T. E. Lawrence to Edward Garnett


1 Mar. 1927.
[Postmarked 3 Mar. 27]

The book is your own fault. I said you might have a text, lacking illustrations, as a gift. You were scornful of this: and sent me a subscription. So all I could do was to ask Pike, my printer, to send you as well-bound a copy as he could. I hope it was a good one. I deplore the waste of money on a book by a judge who knows so very much what books should be. But you are given, by inscrutable fashion, a chance to redeem an extravagance. Sell the thing, now, while it stands at a premium. The son for whom you told me you wanted it, as an heirloom, will much prefer £100 or so.

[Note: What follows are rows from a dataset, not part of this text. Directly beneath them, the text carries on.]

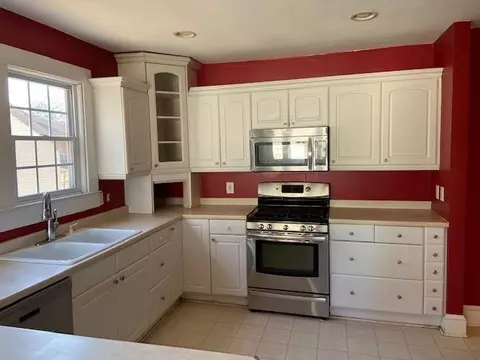 654 Linfield Dr, Durham, NC 27701 photo 8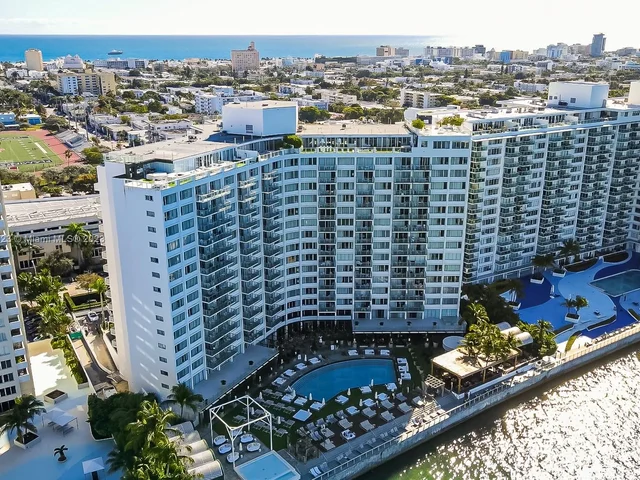 1100 West Ave # 1102, Miami Beach FL 33139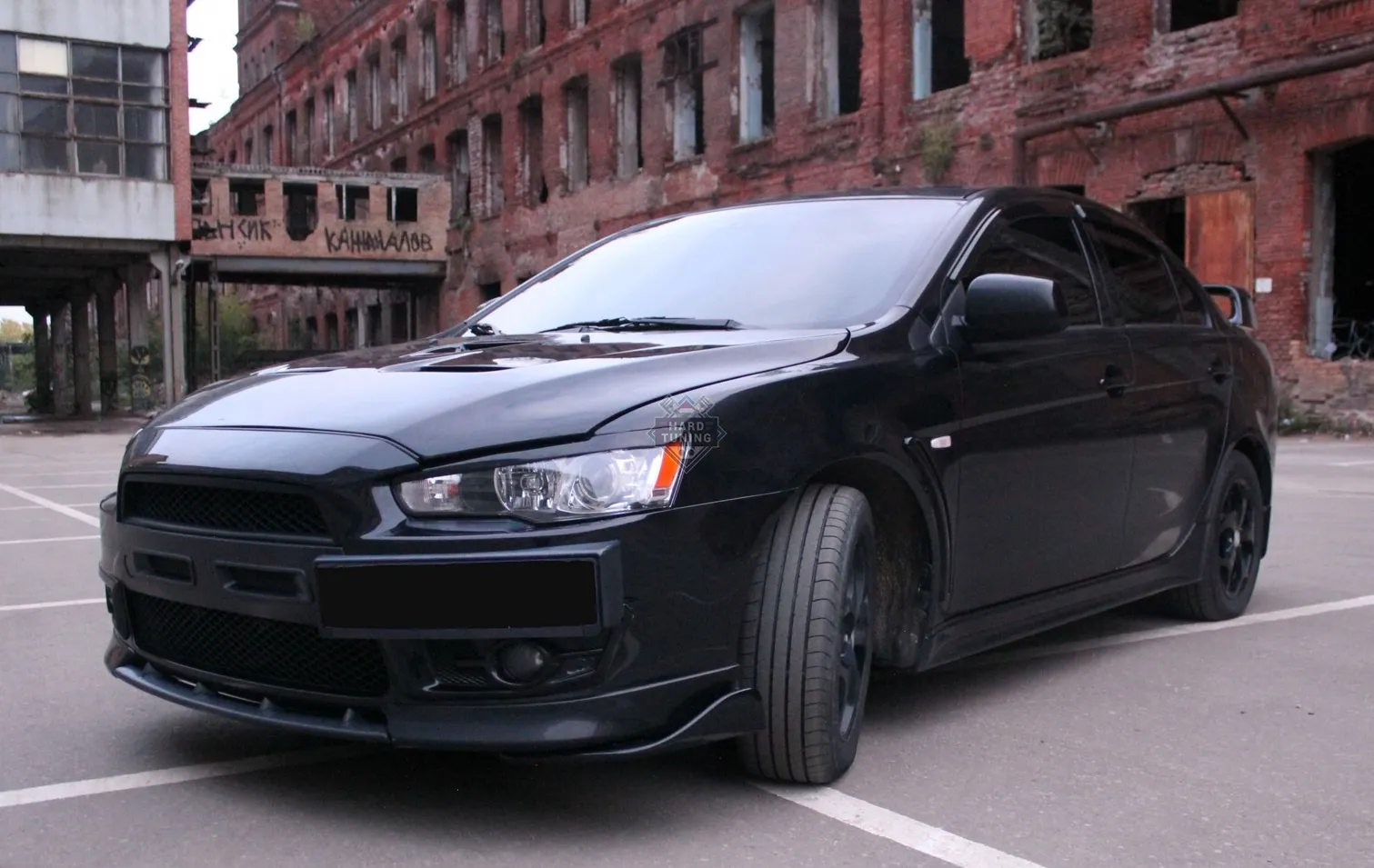 Решетка радиатора без значка Mitsubishi Lancer 10 (2006-2011)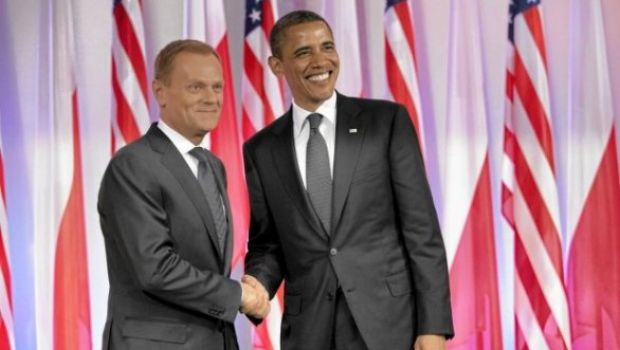 Il lato diplomatico dei videogiochi: il primo ministro della Polonia regala una copia di The Witcher 2 a Obama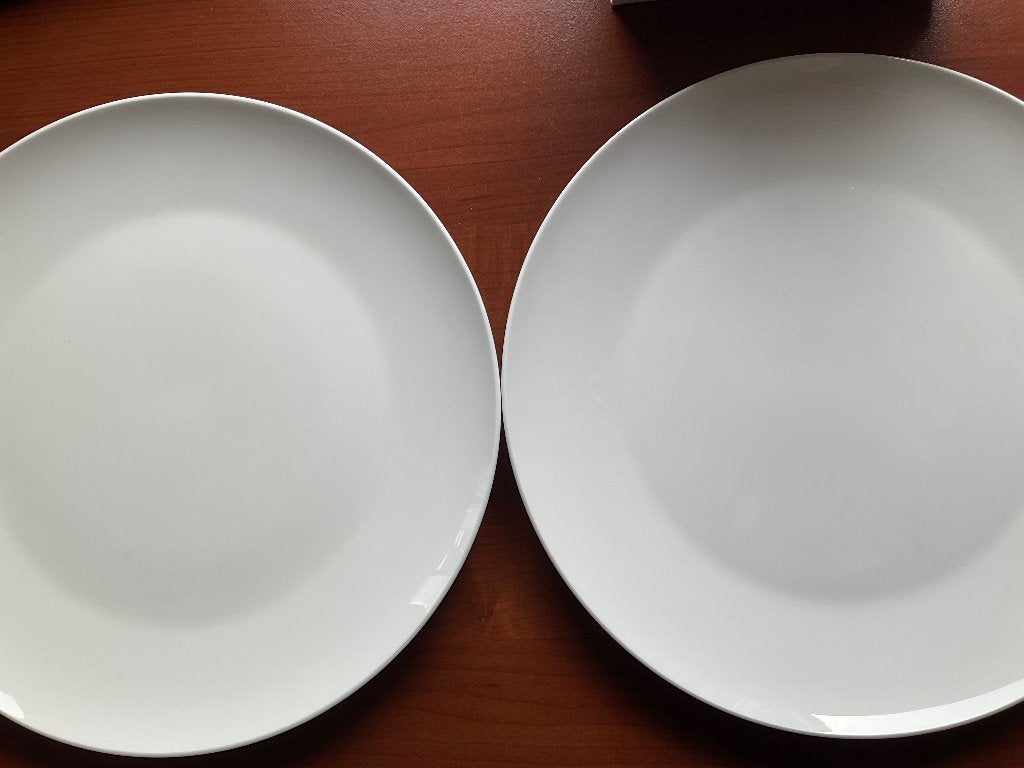 2 ontbijtborden CASHMERE 21.2 (rand 3.5), Huis en Inrichting, Keuken | Servies, Ophalen of Verzenden, Porselein, Overige stijlen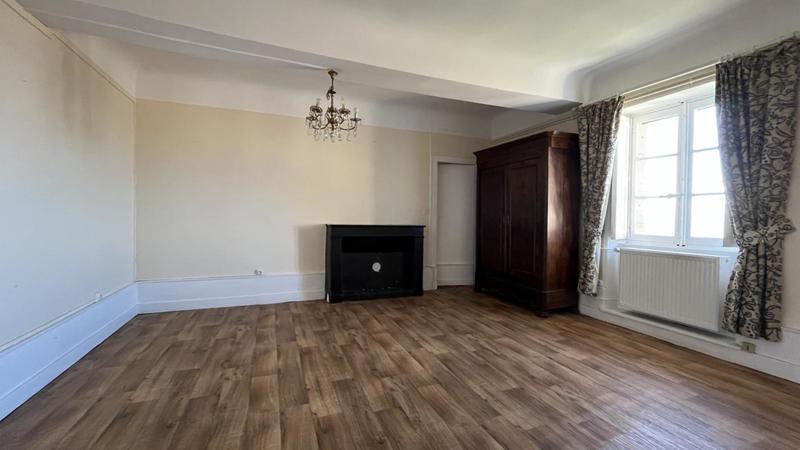 Hôtel particulier - 350 m² - 13 pièces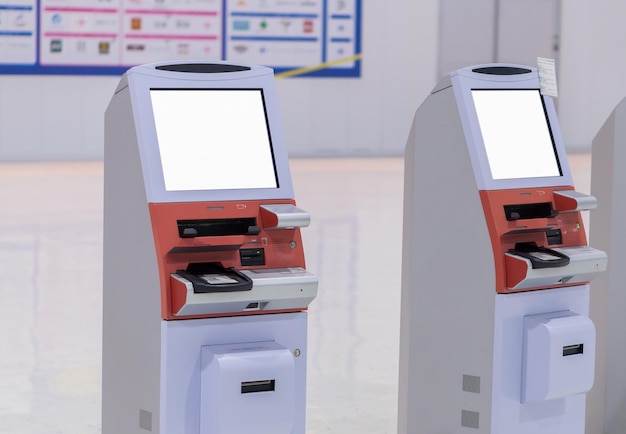 Self-service à écran blanc ou machines automatiques d'enregistrement à l'aéroport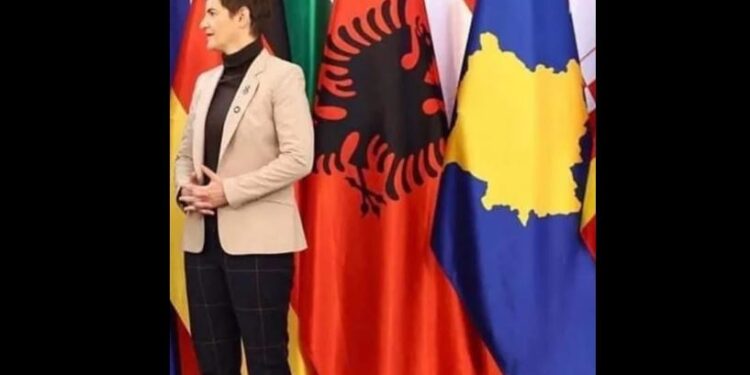 Fotografia pranë flamurit të Kosovës që kryeministrja serbe s’do donte ta shihte kurrë!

Your gift of the Allenby pastel is an irresistible thing: but rather overwhelming. It leaves me hopelessly in your debt. Hopelessly, for I see no way in my life and power of ever pleasing you again. My we regard it as yours, while you have walls and I have no walls? Brick by brick I have sold or given away or lost everything I possessed. The course cannot proceed much further, or I will be naked in the world. It's only by rationing my letters to not more than 15 a week (and 15 is nothing of a proportion to those I receive) that I can keep myself in postage stamps. I'm most grateful, for as a portrait of Allenby the drawing is unusually rich, and Allenby is an admiration of mine. The losing all that little private gallery was rather a wrench. I still have a jolly collection of books, and that is all: and the books I haven't handled for six years. They are in St. John's Wood now, I believe, well cared for by a man I met at Oxford, and have liked since.

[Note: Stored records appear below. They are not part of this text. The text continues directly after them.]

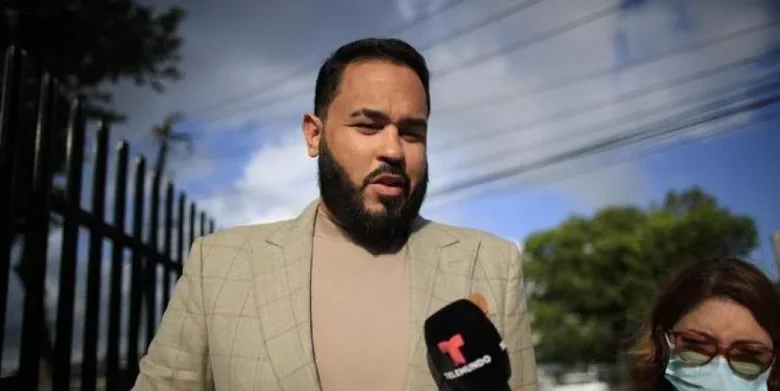 Justicia federal mantiene libertad supervisada de Raphy Pina hasta 2027
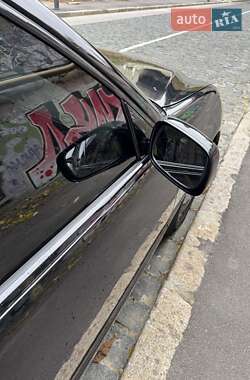 Седан Lexus LS 2001 в Роздільній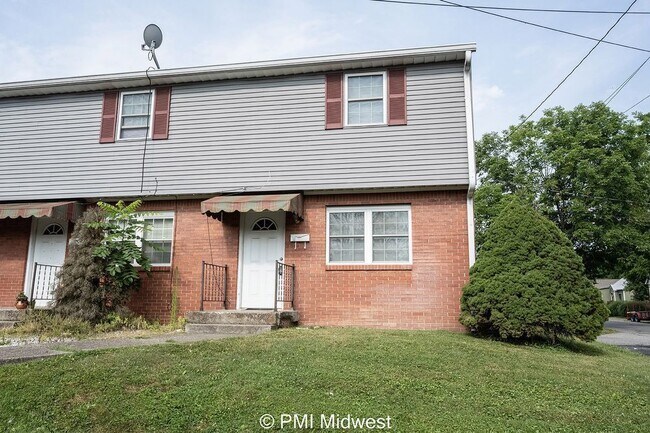 301 W Adams St, Franklin, IN 46131 - photo 3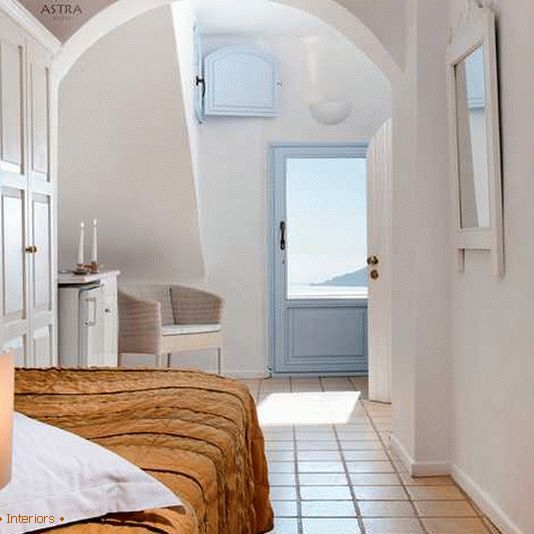 Astra Suites (Santorini)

Edward Thomas wrote very fine poems, and some almost perfect prose. He must have been a beautiful person. I'm glad you are helping to bring him out a little. How much of that you have done! I was sorry not to use your text for the Revolt in the Desert abridgement. I wrote twice to Cape, and asked for the loan of it: but he was presumably afraid that I meant to destroy it, and so do him out of his power to produce an abridgement of his own if I made default. At any rate he would not let me have it: and I could not very well go on protesting to him that if I asked for the loan of a thing he might understand that I meant a loan.

In the end I waited till the last three days, and then ran through a scratch abridgement of my own, not looking for the best things to leave in, but for the best bits to cut out. It will be all the same 100 years hence: or very shortly after my death, a nearer occasion. I suppose the complete text will then be reprinted.

This place, Karachi, is a colourless unrelieved desert, without any of the beauty of clean emptiness, for it is all spotted over with odd military and air force magazines or barracks. If my mind takes to itself the likeness and tone of its natural surroundings, then indeed I shall have achieved Nirvana.

Before that last stage I'd like to have copied out and sent you an intelligent transcript of my R.A.F. Uxbridge notes. If the energy comes to me this year or next I'll do you this final disservice - and convince you that there were not the roots of writing in me. The 'fear of showing my feelings' is my real self.

More thanks. Why do you show so disproportionate a generosity?